I have a numpy array, example:
signal =array([[ 0, 0, 0, 3485, 3480, 3474],
[ 0, 0, 0, 5644, 5642, 5655],
[ 0, 0, 0, 6622, 6541, 6623],
[ 4555, 4656, 11232, 11265, 11564, 11553],
[ 3450, 3455, 3536, 3510, 3564, 3375]])
I used the scaling ((signal) / np.max(signal)*255).astype(np.uint8)
It’s became
f = array([[ 0, 0, 0, 76, 76, 76],
[ 0, 0, 0, 124, 124, 124],
[ 0, 0, 0, 146, 144, 146],
[100, 102, 247, 248, 255, 254],
[ 76, 76, 77, 77, 78, 74]], dtype=uint8)
so, now I want to generate the signal array from the f array.
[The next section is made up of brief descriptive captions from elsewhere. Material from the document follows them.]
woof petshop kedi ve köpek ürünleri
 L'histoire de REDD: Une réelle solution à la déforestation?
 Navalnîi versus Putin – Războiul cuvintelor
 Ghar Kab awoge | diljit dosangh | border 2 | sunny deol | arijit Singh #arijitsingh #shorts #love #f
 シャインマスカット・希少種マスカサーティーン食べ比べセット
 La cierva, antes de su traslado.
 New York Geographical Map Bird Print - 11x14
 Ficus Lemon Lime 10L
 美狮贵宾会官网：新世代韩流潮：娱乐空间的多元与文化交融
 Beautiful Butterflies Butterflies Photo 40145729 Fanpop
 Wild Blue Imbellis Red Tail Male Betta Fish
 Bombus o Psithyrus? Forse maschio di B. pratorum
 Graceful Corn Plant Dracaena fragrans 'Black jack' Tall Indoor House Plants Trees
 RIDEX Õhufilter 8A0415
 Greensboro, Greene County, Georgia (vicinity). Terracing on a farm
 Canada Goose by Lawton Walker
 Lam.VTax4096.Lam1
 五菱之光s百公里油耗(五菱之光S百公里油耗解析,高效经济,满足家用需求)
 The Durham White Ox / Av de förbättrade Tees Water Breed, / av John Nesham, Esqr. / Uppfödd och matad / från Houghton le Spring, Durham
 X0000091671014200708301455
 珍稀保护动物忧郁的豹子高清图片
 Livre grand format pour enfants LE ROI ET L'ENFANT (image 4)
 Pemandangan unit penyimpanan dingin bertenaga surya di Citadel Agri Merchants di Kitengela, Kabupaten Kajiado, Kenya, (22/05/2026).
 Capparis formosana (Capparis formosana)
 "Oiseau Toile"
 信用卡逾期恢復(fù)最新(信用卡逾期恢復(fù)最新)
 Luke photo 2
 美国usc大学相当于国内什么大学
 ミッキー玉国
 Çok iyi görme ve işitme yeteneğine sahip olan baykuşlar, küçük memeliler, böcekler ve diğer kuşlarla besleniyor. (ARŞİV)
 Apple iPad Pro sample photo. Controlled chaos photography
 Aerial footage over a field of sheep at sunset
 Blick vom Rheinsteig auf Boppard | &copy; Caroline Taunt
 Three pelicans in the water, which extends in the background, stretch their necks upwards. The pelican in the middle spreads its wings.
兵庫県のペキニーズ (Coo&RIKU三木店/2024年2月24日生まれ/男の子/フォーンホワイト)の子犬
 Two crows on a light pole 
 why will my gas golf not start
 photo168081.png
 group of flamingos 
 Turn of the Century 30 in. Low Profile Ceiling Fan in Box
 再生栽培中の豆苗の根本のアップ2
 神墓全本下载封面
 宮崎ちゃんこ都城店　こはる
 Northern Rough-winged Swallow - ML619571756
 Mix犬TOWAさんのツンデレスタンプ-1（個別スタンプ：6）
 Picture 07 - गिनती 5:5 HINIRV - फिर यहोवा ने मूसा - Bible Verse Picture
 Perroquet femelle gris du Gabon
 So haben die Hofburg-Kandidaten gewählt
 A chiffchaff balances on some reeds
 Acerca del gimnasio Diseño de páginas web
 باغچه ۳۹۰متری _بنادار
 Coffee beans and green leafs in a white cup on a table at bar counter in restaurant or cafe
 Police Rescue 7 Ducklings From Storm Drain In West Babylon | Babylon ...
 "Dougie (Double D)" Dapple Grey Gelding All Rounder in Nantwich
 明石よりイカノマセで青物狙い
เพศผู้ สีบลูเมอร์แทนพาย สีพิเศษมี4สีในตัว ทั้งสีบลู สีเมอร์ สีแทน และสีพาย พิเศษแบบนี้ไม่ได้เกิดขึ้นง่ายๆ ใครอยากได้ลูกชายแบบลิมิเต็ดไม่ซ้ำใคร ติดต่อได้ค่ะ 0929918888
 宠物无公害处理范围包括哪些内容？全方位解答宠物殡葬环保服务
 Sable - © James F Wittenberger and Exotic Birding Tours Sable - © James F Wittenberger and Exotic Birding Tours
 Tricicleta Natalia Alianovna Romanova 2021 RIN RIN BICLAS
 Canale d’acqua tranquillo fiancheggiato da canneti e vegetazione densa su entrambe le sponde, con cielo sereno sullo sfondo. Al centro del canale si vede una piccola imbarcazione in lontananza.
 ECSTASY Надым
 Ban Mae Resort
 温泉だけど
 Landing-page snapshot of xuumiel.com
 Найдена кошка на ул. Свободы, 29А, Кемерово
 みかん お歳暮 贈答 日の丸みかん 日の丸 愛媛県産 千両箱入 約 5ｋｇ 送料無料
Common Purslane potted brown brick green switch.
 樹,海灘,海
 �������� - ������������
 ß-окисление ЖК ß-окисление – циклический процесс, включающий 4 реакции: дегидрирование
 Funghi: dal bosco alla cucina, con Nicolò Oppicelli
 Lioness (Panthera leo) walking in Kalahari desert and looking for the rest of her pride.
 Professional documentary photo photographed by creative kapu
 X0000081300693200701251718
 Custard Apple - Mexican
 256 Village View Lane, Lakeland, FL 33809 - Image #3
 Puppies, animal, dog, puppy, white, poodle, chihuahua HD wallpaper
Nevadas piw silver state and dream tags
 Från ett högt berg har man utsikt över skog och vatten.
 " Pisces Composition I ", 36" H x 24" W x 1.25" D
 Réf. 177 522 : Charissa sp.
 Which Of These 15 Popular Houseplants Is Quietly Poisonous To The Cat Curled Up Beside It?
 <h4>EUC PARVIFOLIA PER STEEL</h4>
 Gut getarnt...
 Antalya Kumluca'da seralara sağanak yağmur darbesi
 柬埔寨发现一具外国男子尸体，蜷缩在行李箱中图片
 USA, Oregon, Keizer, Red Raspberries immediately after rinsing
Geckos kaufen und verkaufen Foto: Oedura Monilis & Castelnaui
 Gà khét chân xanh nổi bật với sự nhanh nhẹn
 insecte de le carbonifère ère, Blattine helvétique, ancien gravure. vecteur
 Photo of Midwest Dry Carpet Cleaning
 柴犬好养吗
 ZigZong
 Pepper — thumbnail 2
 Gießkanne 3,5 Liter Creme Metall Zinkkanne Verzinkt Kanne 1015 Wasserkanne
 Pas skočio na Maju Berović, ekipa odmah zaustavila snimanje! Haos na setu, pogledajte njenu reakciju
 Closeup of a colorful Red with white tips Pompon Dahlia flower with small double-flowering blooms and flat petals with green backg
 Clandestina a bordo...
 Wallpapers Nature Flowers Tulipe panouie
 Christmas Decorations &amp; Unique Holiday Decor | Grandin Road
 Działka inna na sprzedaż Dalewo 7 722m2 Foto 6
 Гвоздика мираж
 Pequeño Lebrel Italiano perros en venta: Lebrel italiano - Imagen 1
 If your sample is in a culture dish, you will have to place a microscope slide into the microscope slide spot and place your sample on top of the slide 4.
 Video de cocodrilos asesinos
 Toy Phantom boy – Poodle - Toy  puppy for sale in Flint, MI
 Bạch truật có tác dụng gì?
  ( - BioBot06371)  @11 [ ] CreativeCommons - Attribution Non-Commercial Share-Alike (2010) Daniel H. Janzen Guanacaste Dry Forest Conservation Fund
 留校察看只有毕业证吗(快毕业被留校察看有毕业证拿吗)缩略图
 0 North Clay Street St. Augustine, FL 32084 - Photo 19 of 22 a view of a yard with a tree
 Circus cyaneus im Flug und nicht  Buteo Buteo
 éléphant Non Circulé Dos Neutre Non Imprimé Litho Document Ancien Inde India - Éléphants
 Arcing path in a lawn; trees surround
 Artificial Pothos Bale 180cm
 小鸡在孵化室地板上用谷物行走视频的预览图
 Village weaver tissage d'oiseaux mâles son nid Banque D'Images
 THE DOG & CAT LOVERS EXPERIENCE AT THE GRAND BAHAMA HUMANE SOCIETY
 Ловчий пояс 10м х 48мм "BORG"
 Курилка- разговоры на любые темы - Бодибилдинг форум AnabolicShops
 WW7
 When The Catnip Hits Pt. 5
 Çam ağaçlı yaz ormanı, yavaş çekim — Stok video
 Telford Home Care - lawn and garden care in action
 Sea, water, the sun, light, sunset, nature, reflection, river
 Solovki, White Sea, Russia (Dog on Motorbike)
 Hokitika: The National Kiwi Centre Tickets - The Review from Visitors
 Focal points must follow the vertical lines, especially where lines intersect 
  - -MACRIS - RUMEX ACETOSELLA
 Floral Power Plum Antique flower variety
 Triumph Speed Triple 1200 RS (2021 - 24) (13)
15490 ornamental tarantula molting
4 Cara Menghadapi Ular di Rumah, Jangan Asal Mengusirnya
I tried the reverse scale like,
(f * np.max(signal)/255).astype(np.uint32)
but It’s giving me
array([[ 0, 0, 0, 105, 105, 105],
[ 0, 0, 0, 226, 226, 226],
[ 0, 0, 0, 195, 105, 195],
[165, 256, 150, 195, 255, 210],
[105, 105, 150, 150, 196, 14]])
which is not appropriate.
so what should I do to reverse the scaling of the array to get the previous original input data?
>Solution :
You are multiplying an array with dtype uint8 with maximum value of signal. This data type can’t hold an integer that large so overflow happens and the numbers are wrapped to the range of 0->255. you have to convert it to uint32 first and then scale:
signal = f.astype(np.uint32) * np.max(signal)/255
After this, the output will still be a little different than original and that is because of converting floating point results to uint8 which will cause your numbers to lose their fraction.